Another limitation is that the effects of acetaminophen cannot be controlled. However, in patients with subacromial impingement syndrome, acetaminophen is commonly administered as a subacromial injection to reduce pain and is not a problem for clinical use. Despite these limitations, the strengths of the study include no loss of participants due to dropout and absence of associated errors. In treatment of subacromial impingement syndrome, subacromial injection of Ketorolac 30 mg was equivalent to corticosteroid injection in terms of effectiveness. In patients with diabetes or those who have concerns about the adverse effects of steroids, subacromial injection of Ketorolac can be considered a suitable alternative.

NOTES

Financial support

None.

Conflict of interest

None.

Table 1.
Patient demographics by injection group
Variable Group N Group S p-value
Number 30 30
Age (yr) 66.6±6.0 68.8±6.0 0.151
Sex (male:female) 19:11 22:8 0.405
Symptom duration (mo) 8.8±7.2 7.4±5.5 0.388
DM 5 4 0.718
VAS pain score 6.8±0.4 6.9±0.4 0.356
ASES score 33.1±8.9 31.9±8.7 0.595
UCLA score 40.0±9.3 38.5±9.0 0.706

Values are presented as mean±standard deviation.

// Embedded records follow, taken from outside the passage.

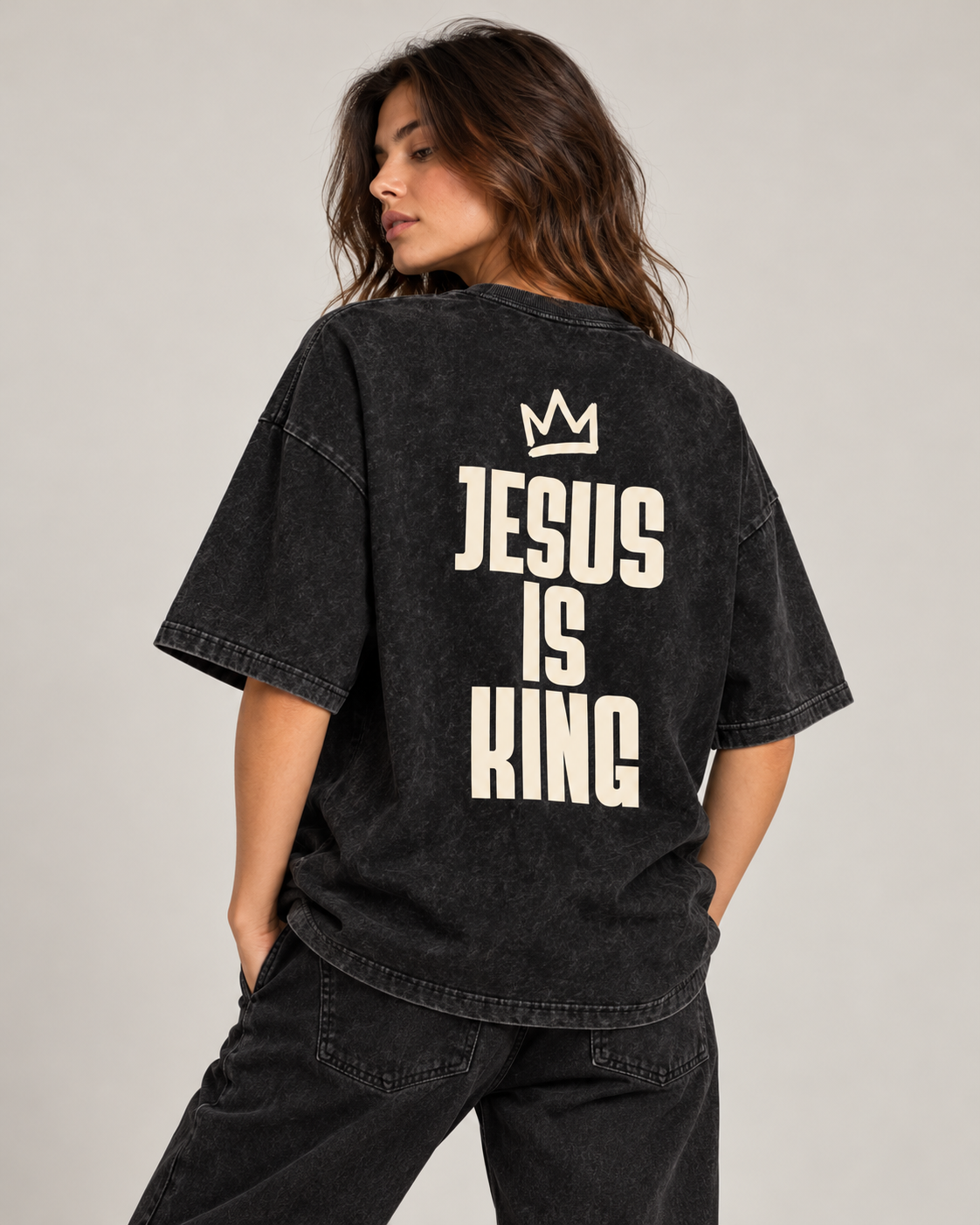 ''Jesus is King'' Unisex Oversized Cotton T-Shirt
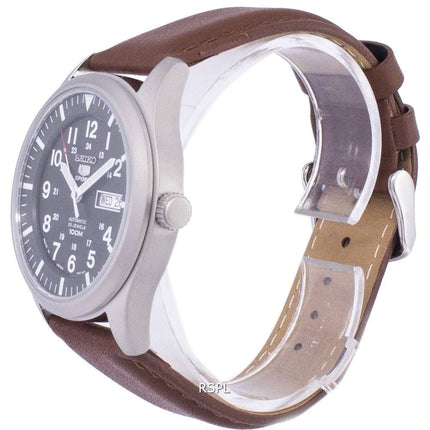 Seiko 5 Sports Automatic Japan Made Ratio Brown Leather SNZG09J1-LS12 Men's Watch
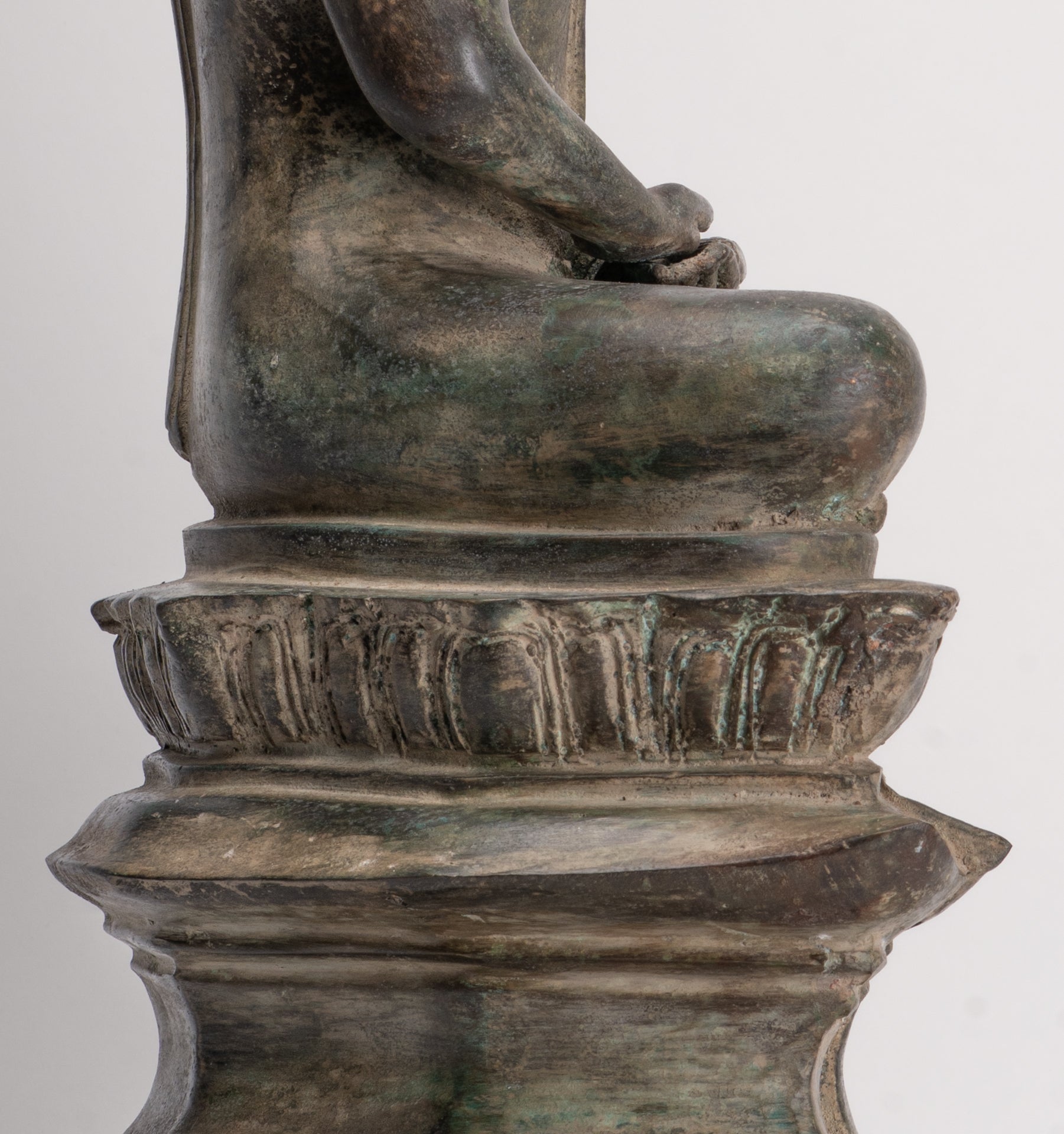 Antique Laos Style Bronze Seated Meditation Buddha Statue - 57cm/23"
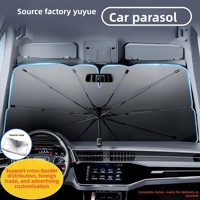 Pare-soleil télescopique pliable en titane argenté pour pare-brise de voiture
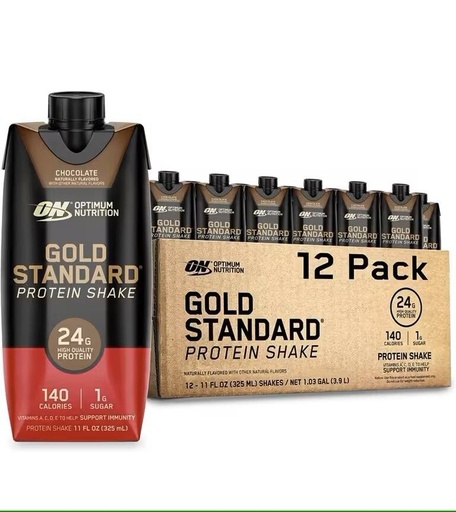 OPTIMUM NUTRITION - 金裝乳清蛋白飲品 11Oz - 朱古力(盒裝12枝)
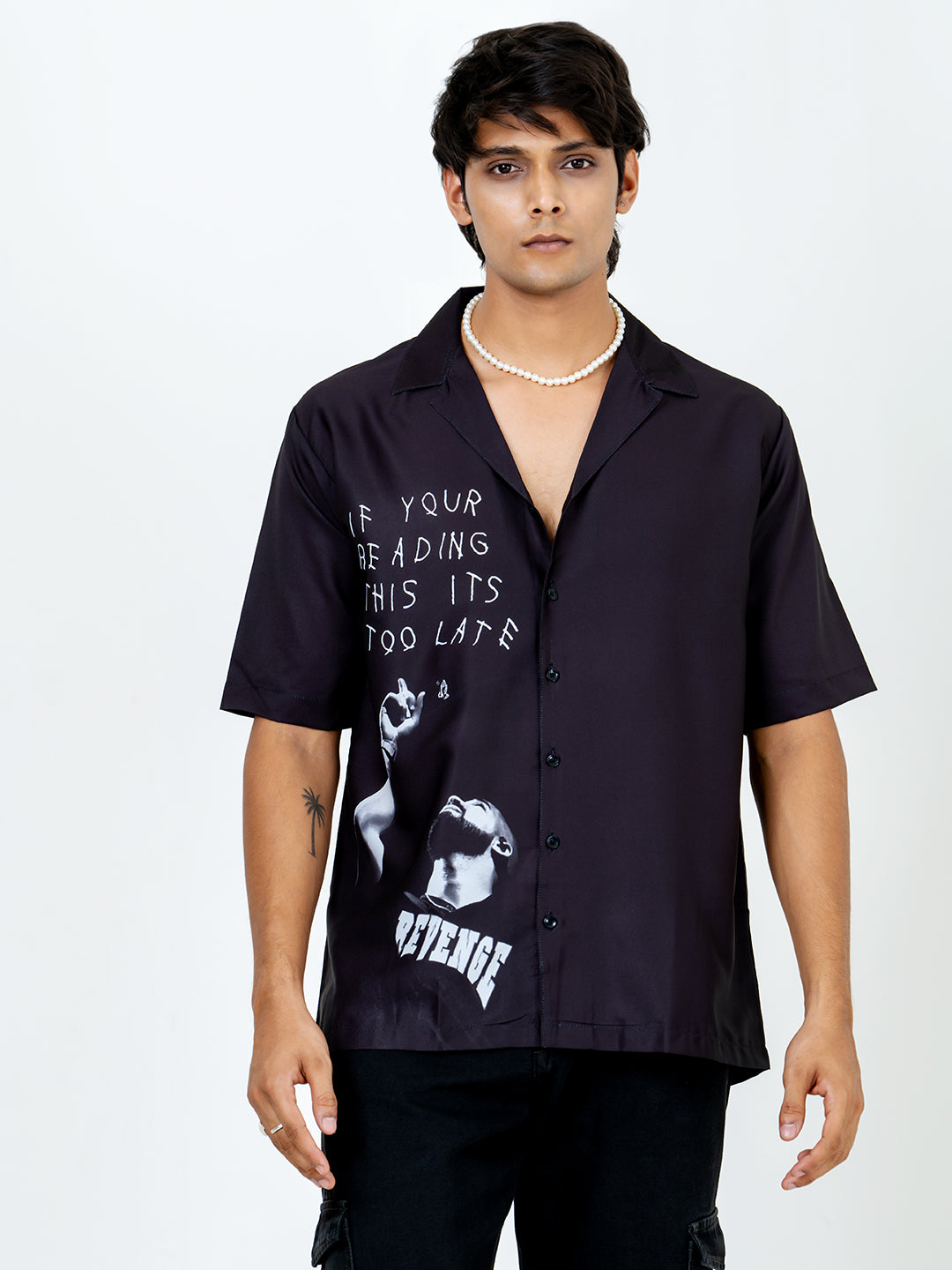 Black Crepe Drake printed Oversized Shirt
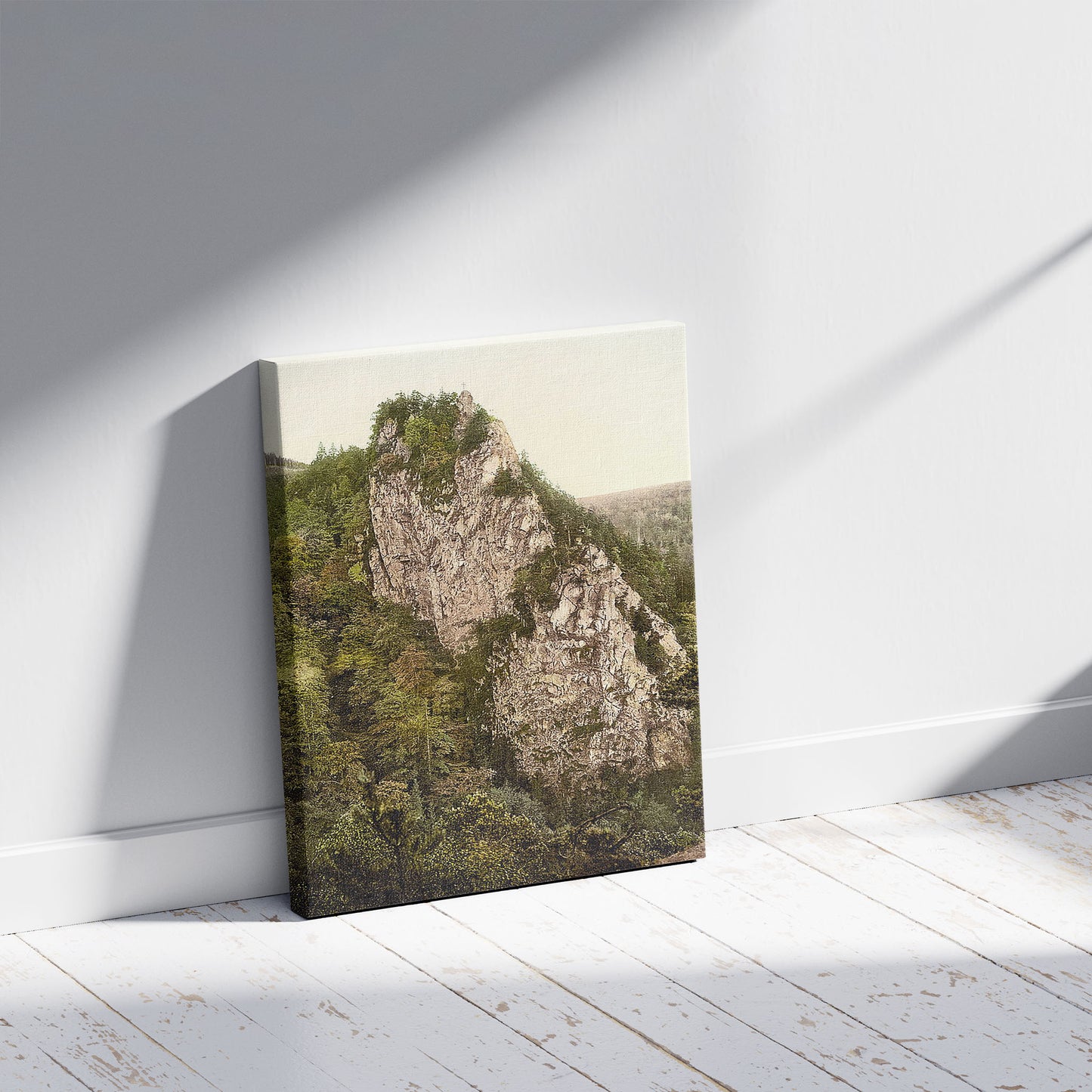 A picture of General view, Ilsestein, Hartz, Germany, a mockup of the print leaning against a wall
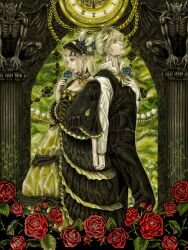  1boy back-to-back blonde_hair blue_eyes blue_flower blue_rose brother_and_sister column dress female flower from_side gargoyle goth_fashion holding holding_flower holding_hands interlocked_fingers kagamine_len kagamine_rin pillar pocket_watch red_flower red_rose rococo_movement rose short_hair siblings smelling_flower sorainu_(tegaki) tegaki twins vest vocaloid waistcoat watch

Group N: ketorolac injection group, Group S: steroid injection group, DM: diabetes mellitus, VAS: visual analog scale, ASES: American Shoulder and Elbow Surgeons, UCLA: The University of California, Los Angeles.

Table 2.
Clinical scores by injection method
Variable Group N Group S p-value
VAS pain score
 Pre-injection 6.8±0.4 6.9±0.4 0.356
 3 wk 1.8±1.7 2.2±1.7 0.452
 6 wk 1.1±1.8 1.3±1.7 0.715
 12 wk 0.9±1.8 1.3±2.1 0.469
ASES score
 Pre-injection 33.1±8.9 31.9±8.7 0.595
 3 wk 83.1±15.0 80.1±15.3 0.447
 6 wk 88.1±16.2 87.4±16.5 0.868
 12 wk 90.3±15.9 87.0±20.1 0.475
UCLA score
 Pre-injection 16.0±1.4 15.9±1.4 0.706
 3 wk 30.8±5.3 28.7±4.5 0.111
 6 wk 32.4±5.3 31.2±4.9 0.367
 12 wk 33.2±5.0 31.0±5.9 0.144

Values are presented as mean±standard deviation.

Group N: ketorolac injection group, Group S: steroid injection group, VAS: visual analog scale, ASES: American Shoulder and Elbow Surgeons, UCLA: The University of California, Los Angeles.